Exercise material:
________
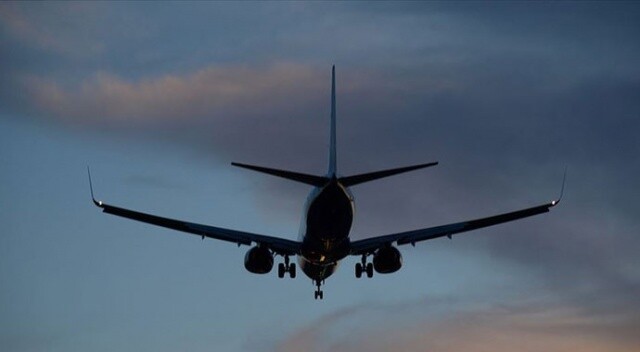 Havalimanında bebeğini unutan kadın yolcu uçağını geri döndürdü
________
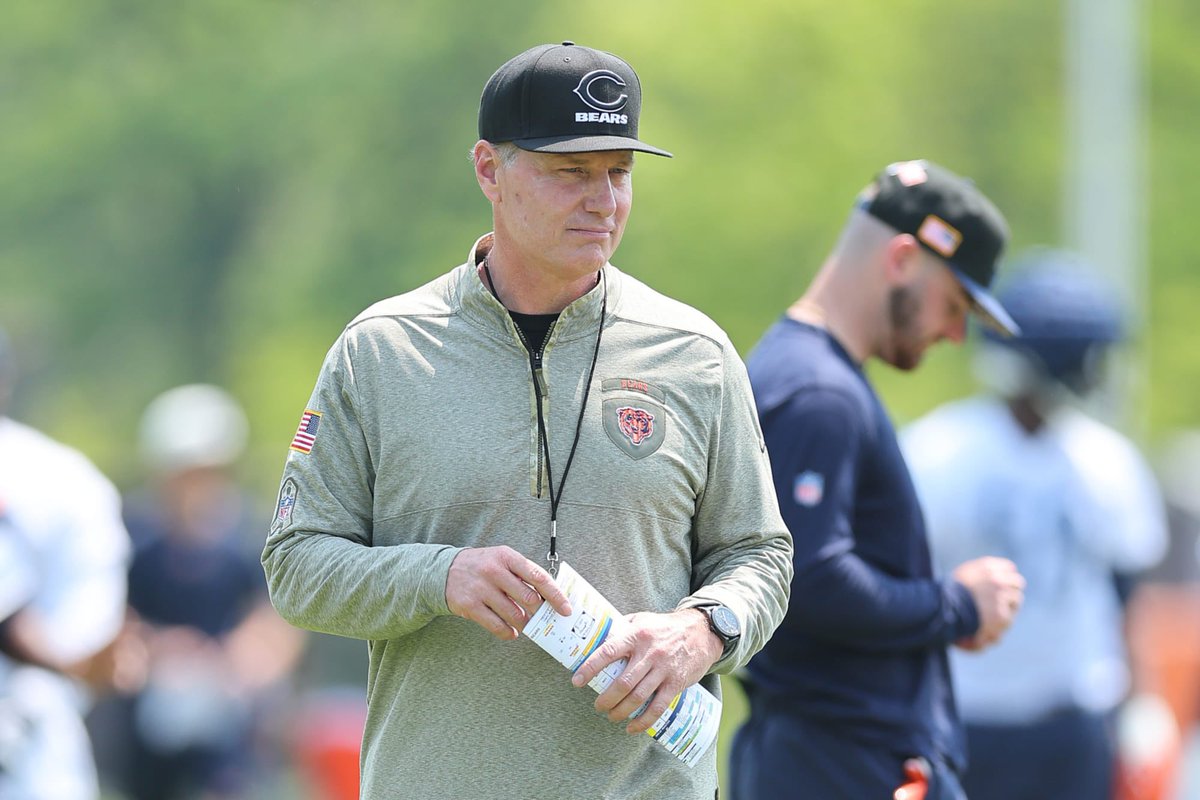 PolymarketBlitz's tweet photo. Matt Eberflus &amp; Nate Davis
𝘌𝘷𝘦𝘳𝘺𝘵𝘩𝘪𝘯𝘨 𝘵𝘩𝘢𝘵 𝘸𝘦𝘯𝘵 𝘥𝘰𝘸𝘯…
________
Task: The output is the stretch above from the line with "PolymarketBlitz's tweet photo." through the line with "𝘌𝘷𝘦𝘳𝘺𝘵𝘩𝘪𝘯𝘨 𝘵𝘩𝘢𝘵 𝘸𝘦𝘯𝘵 𝘥𝘰𝘸𝘯…", copied word for word with both ends kept and every picture dropped.

Result of this task:
 PolymarketBlitz's tweet photo. Matt Eberflus &amp; Nate Davis
𝘌𝘷𝘦𝘳𝘺𝘵𝘩𝘪𝘯𝘨 𝘵𝘩𝘢𝘵 𝘸𝘦𝘯𝘵 𝘥𝘰𝘸𝘯…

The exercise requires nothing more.